# Masks



## SagMaria (Dec 21, 2006)

What are your faves?


----------



## Bernadette (Dec 21, 2006)

Borghese Fango Delicato. It's magic, I swear!


----------



## MACtastic (Dec 21, 2006)

I have just discovered Bliss Triple Oxygen Energizing Mask, and its fabulous!! Pricey, but worth every penny!!


----------



## SagMaria (Dec 21, 2006)

Quote:

   Originally Posted by *Bernadette* 

 
_Borghese Fango Delicato. It's magic, I swear!_

 
What skin type is this for?


----------



## SagMaria (Dec 21, 2006)

Quote:

   Originally Posted by *MACtastic* 

 
_I have just discovered Bliss Triple Oxygen Energizing Mask, and its fabulous!! Pricey, but worth every penny!!_

 
How much?


----------



## Bernadette (Dec 21, 2006)

Quote:

   Originally Posted by *SagMaria* 

 
_What skin type is this for? 
	

	
	
		
		

		
		
	


	


_

 
Fango Delicato is for dry or senstive skin. Fango is for normal/combo and oily skin.

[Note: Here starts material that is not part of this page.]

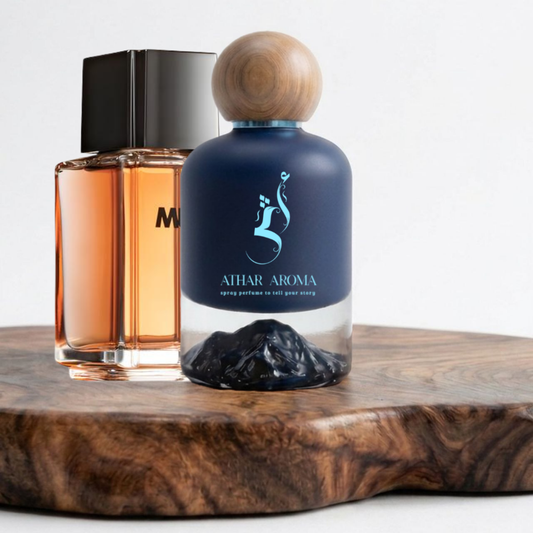 Avon Musk Wood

Either one of them is just as fabulous


----------



## ccarp001 (Dec 21, 2006)

i love Queen Helene Mint Julep mask! its a classic


----------



## prinzessin784 (Dec 21, 2006)

I actually have these delicious smelling ones from Mark that came in mini tubes - one is an almond scented scrub, one is a marshmallow mask, one is chocolate and one is caramel.  I don't know the name off hand but they came in a purple box and they're fabulous and really fun!


----------



## Bernadette (Dec 21, 2006)

Quote:

   Originally Posted by *prinzessin784* 

 
_I actually have these delicious smelling ones from Mark that came in mini tubes - one is an almond scented scrub, one is a marshmallow mask, one is chocolate and one is caramel.  I don't know the name off hand but they came in a purple box and they're fabulous and really fun!_

 
I would probably end up tasting these!


----------



## MACtastic (Dec 22, 2006)

The Bliss mask is $52 for 3.4 oz.


----------



## redambition (Dec 22, 2006)

lush cosmetic warrior. the smell is a bit off, it only lasts 2-3 weeks in the fridge before it goes bad and it's a tad expensive... but it does WONDERS for my skin. 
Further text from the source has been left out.